Firestore emulator: resource starvation for concurrent operations on a single document
merlinnot opened this issue · 9 comments
I was instructed by @samtstern to post Firestore Emulator - related issues in this repository, so here we go:
Getting and setting the same reference (two concurrent operations) results in a lock.
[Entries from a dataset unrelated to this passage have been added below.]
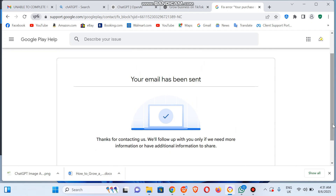Another way you could go about this is to contact support — you can also chat with an agent. We are going to attach the video link on how to contact Google support, so make sure you visit the description section of this video to get that update.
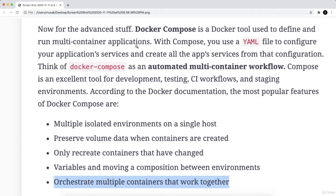So with compose, you use the YAML file, or Yet Another Markup Language. This language is easy to read and easy to write, and in the next lecture we will handle the syntax of this language. Don't worry about that, even if you are a beginner to it. We will use this YAML file to configure the application's services and create all the app's services from that configuration.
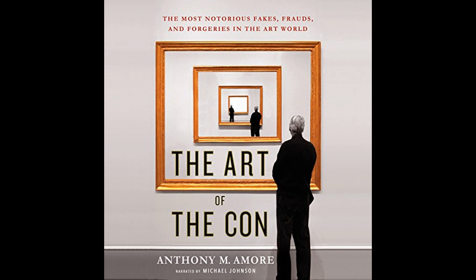One of the central narratives in the book is the story of Han van Meegeren, a Dutch painter and forger who is known for his fake Vermeers. Van Meegeren's story is a classic example of how forgers can take advantage of historical gaps and the desire for art experts to make significant discoveries. Van Meegeren capitalized on the absence of Vermeer's works from certain periods by producing forgeries that fit seamlessly into the supposed portfolio, thereby hoodwinking an entire generation of art historians and experts.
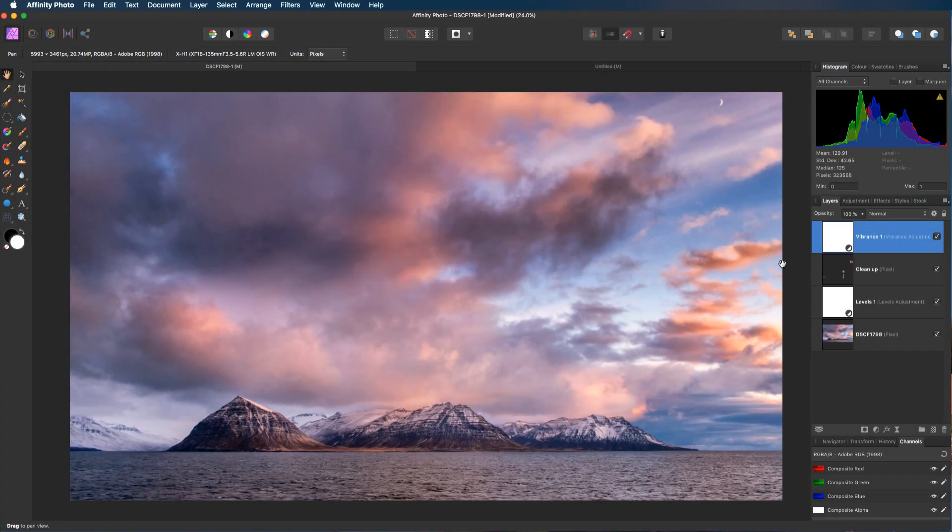Hello and welcome to another video. My name's David and this time we're going to take a look at a couple of different methods that we can use to apply a vignette with Affinity Photo. We're going to start using the live filter, then we're going to have a look at my favourite method which is going to be completely adjustable.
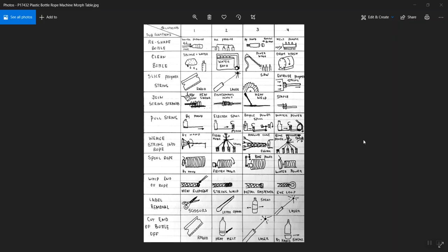Greetings MECI 104. This is a short video to introduce the concept of the Morphological Table, or the Morphological Chart.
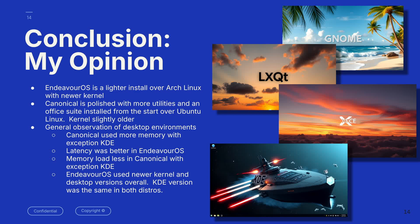General observations were the Canonical used more memory with the exception of KDE. Latency was better in Endeavor OS. Memory load was less in Canonical with the exception of KDE, and Endeavor OS used newer kernel in all desktop versions overall. KDE versions was the same in both operating systems.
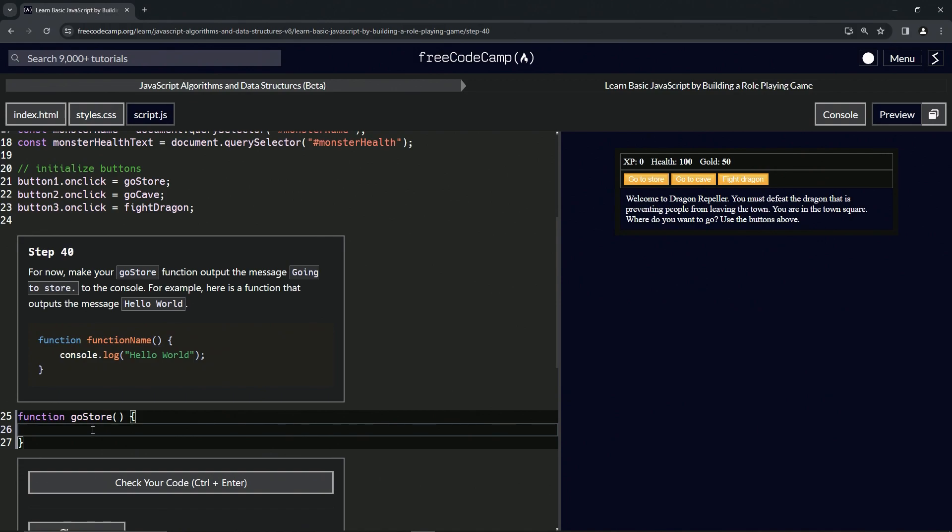Just like that, up there we're going to say right here on line 26: console.log, and then inside of these quotes we're going to say 'going to store'. Make sure not to put the period, or the UX people won't have anything to do.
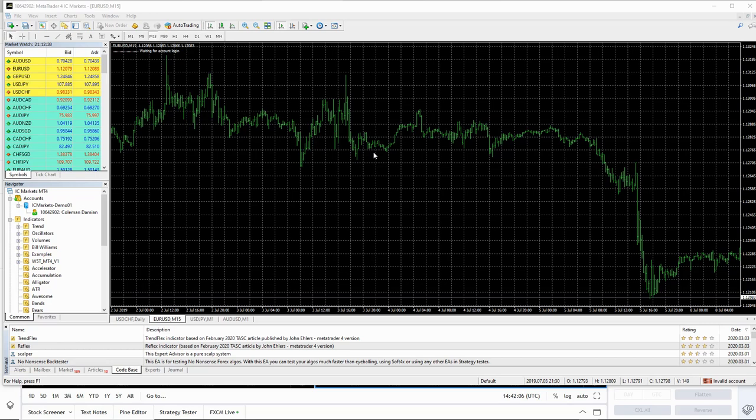But first of all, we need to give you a license key. So first of all, you need to come down here to your navigator and down here to the accounts, you're going to see a number here in front of your name. What we need is that number. If you email that to me at info at tradethefifth.com, I can then assign you with a license key.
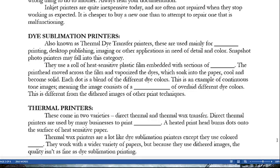Also known as thermal dye transfer printers, dye sublimation printers are used mainly for photo printing, desktop publishing, imaging, or other applications requiring color and detail. Snapshot photo printers may fall into this category. They use a roll of heat-sensitive plastic film embedded with sections of dye; the print head moves across the film and vaporizes the dyes, which soak into the paper, cool, and become solid. Each dot is a blend of different dye colors — this is an example of continuous tone images, different from the dithered images of other print techniques.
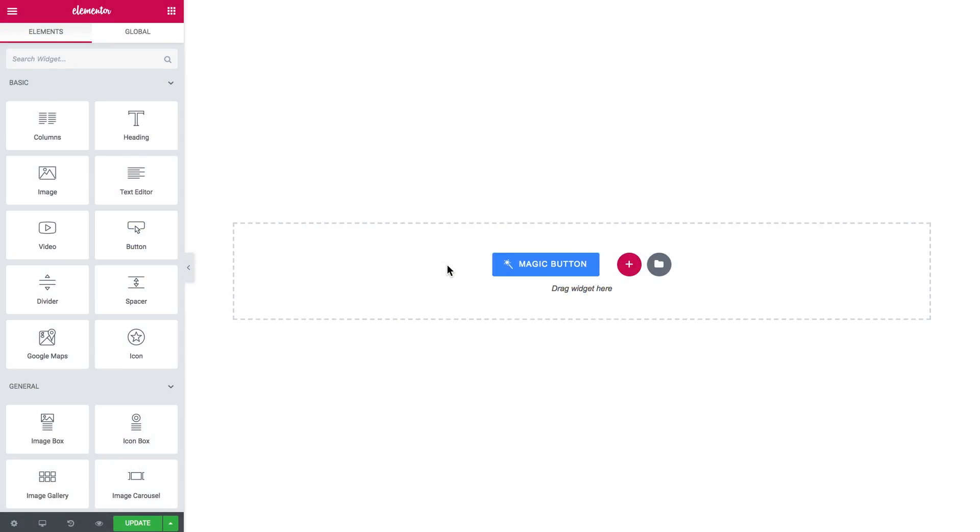What is up everyone, welcome to this tutorial. In this video I'm showing you how to add multiple types of gallery to your WordPress pages with JetElements plugin.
There are three possible outcomes:
- operations succeed after a long period of time (~30+ seconds)
- an
UNKNOWNerror is returned (code 2) - a
GOAWAYmessage is returned
The issue is highly reproducible:
$ time npx ts-node ./test.ts
2 UNKNOWN:
real 0m32.538s
user 0m3.862s
sys 0m0.311sEmulator output:
API endpoint: http://0.0.0.0:8080
If you are using a library that supports the FIRESTORE_EMULATOR_HOST environment variable, run:
export FIRESTORE_EMULATOR_HOST=0.0.0.0:8080
Dev App Server is now running.
Mar 11, 2019 6:18:41 PM io.gapi.emulators.grpc.GrpcServer$3 operationComplete
INFO: Adding handler(s) to newly registered Channel.
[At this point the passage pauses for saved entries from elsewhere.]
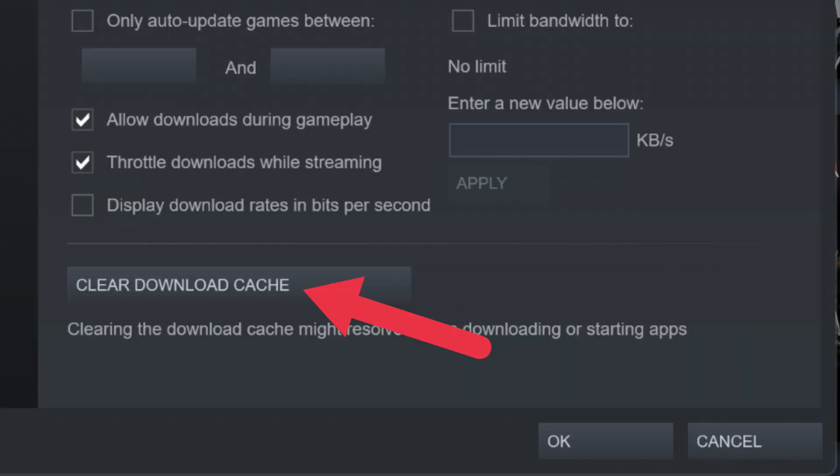Under Settings > Downloads, you can select Clear Download Cache to get rid of temporary files. If there's something wrong with these files, it can cause trouble in the client when it tries to download or install applications. Check to see whether your computer is displaying the correct time and date. Steam apparently relies on the date and time for many of its functions, so this has helped a number of people who were out of ideas to get their games running again.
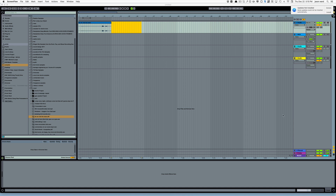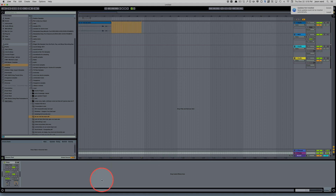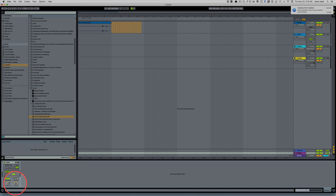Someone had asked a question about adding a delay to just one word in a vocal. Even though it was kind of explained a little bit, I just wanted to show a quick video. I'll make this really simple — this is a return track here, and I've got a delay in here, and I'll put a long feedback on it.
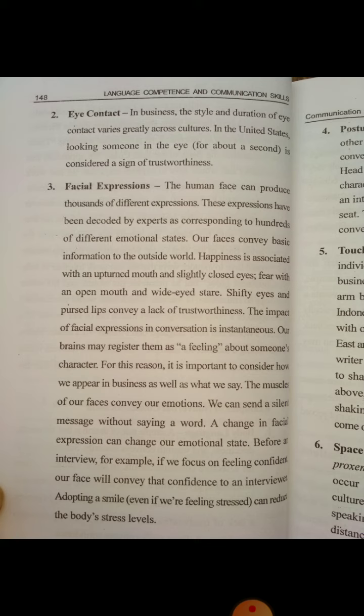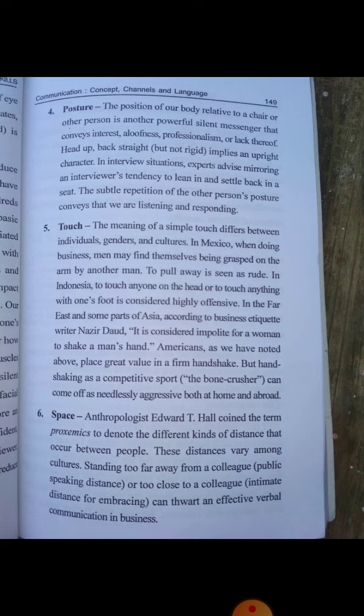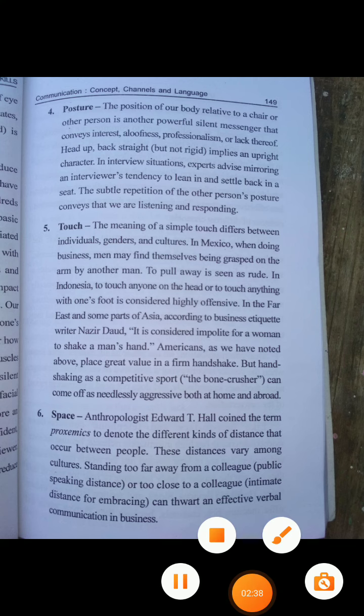Facial expressions such as happiness and fatigue, posture, touch, and personal space are all forms of non-verbal communication. So in summary, we have verbal, written, and non-verbal communication. Thank you and have a nice day.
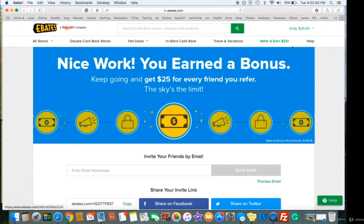The referral program could be extremely valuable for you because you can refer four or five family members, 10 friends right off the bat — you're talking $250 for 10 people, just completely free money right off the bat. It puts extra cash right in your pocket. It's super easy and you don't need any experience with ads or any budget upfront to spend on any of this. Super easy and free to do.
Mar 11, 2019 6:18:41 PM io.gapi.emulators.netty.HttpVersionRoutingHandler channelRead
INFO: Detected HTTP/2 connection.
Mar 11, 2019 6:19:11 PM com.google.cloud.datastore.emulator.impl.util.WrappedStreamObserver onError
INFO: operation failed: null
Mar 11, 2019 6:19:11 PM com.google.cloud.datastore.emulator.impl.util.WrappedStreamObserver onError
INFO: operation failed: null
Repro:
import { Firestore } from '@google-cloud/firestore';
import { credentials } from 'grpc';
const firestore = new Firestore({
'grpc.initial_reconnect_backoff_ms': 500,
'grpc.max_reconnect_backoff_ms': 1000,
port: 8080,
projectId: 'test',
servicePath: 'localhost',
sslCreds: credentials.createInsecure(),
});
const ref = firestore.collection('collection').doc('doc');
const run = async () => {
await Promise.all([ref.get(), ref.set({})]);
};
run().catch(x => console.error(x.message));I can reproduce this, and I think I understand why this is happening. I have a fix prepared, and I'll ask some of the other backend engineers to take a look over it.
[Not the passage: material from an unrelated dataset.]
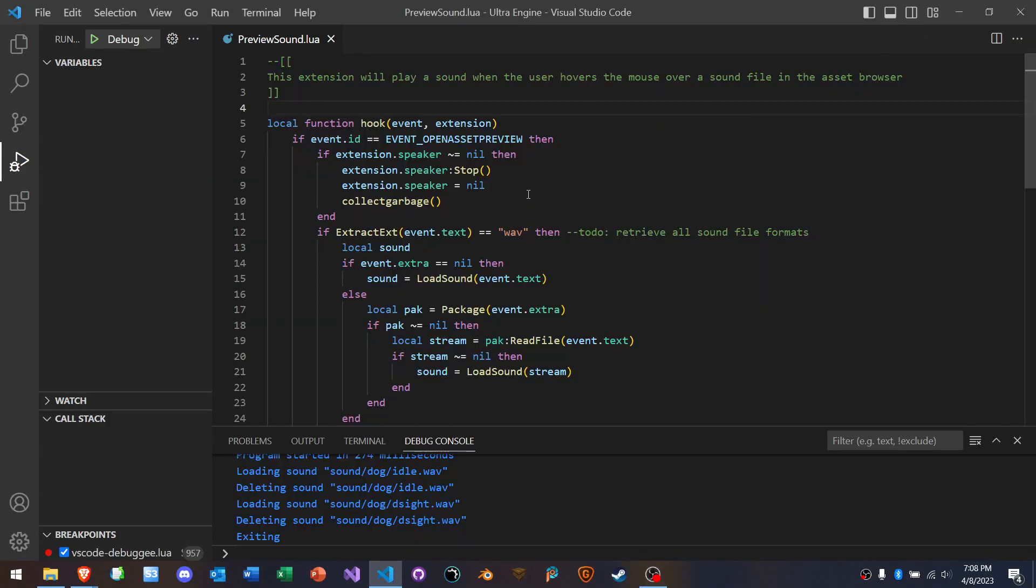Okay, this is really, really cool. In the new editor for UltraEngine, we have extensions.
Fix submitted for the read + write contention.
There is still an issue with multiple writes introducing deadlock. For instance,
await Promise.all([ref.set({}), ref.set({})]);
will still trigger a 30s limited deadlock even after the current fix. We have a more complete fix in mind but that will be another release afterwards.
Thanks for the update, appreciate it.
The behaviour is improved with v1.4.2, but it's not fixed. If you add more calls to Promise.all it still fails, although the emulator at least shows some error message: INFO: operation failed: transaction timeout.
To clarify, do the failures you're seeing involve multiple writes?
Yes, here's a full minimal repro:
import { Firestore } from '@google-cloud/firestore';
import { credentials } from 'grpc';
const firestore = new Firestore({
'grpc.initial_reconnect_backoff_ms': 500,
'grpc.max_reconnect_backoff_ms': 1000,
port: 8080,
projectId: 'test',
servicePath: 'localhost',
sslCreds: credentials.createInsecure(),
});
const ref = firestore.collection('collection').doc('doc');
const run = async () => {
await Promise.all([ref.set({}), ref.set({})]);
};
run().catch(x => console.error(x.message));Okay, the multi-write deadlock case is a known issue, we haven't submitted the fix for it yet. I will update this issue when we do.
The fix for this has been submitted. I'll close this issue when the next release goes out.
Release went out a couple weeks ago, closing this out.